= Problem description =
If a line in the entries contains the string "Screen", include that line in your answer.

= Extracted entries =
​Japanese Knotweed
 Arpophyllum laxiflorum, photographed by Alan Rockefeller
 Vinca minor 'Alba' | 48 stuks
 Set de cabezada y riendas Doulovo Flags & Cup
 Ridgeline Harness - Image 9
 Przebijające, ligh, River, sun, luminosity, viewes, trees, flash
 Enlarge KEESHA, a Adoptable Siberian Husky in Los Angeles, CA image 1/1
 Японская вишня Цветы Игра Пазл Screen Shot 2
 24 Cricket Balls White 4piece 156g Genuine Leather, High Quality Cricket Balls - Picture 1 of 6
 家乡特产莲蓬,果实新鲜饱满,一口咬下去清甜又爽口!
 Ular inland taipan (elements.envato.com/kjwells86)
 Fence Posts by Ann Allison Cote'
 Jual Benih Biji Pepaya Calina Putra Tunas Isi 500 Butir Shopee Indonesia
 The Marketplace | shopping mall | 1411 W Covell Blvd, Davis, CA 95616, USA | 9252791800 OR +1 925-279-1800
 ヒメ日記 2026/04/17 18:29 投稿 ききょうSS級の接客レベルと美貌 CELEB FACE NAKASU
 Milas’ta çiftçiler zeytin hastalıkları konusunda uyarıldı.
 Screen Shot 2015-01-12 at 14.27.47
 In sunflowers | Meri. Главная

= Written solution =
 Японская вишня Цветы Игра Пазл Screen Shot 2
 Screen Shot 2015-01-12 at 14.27.47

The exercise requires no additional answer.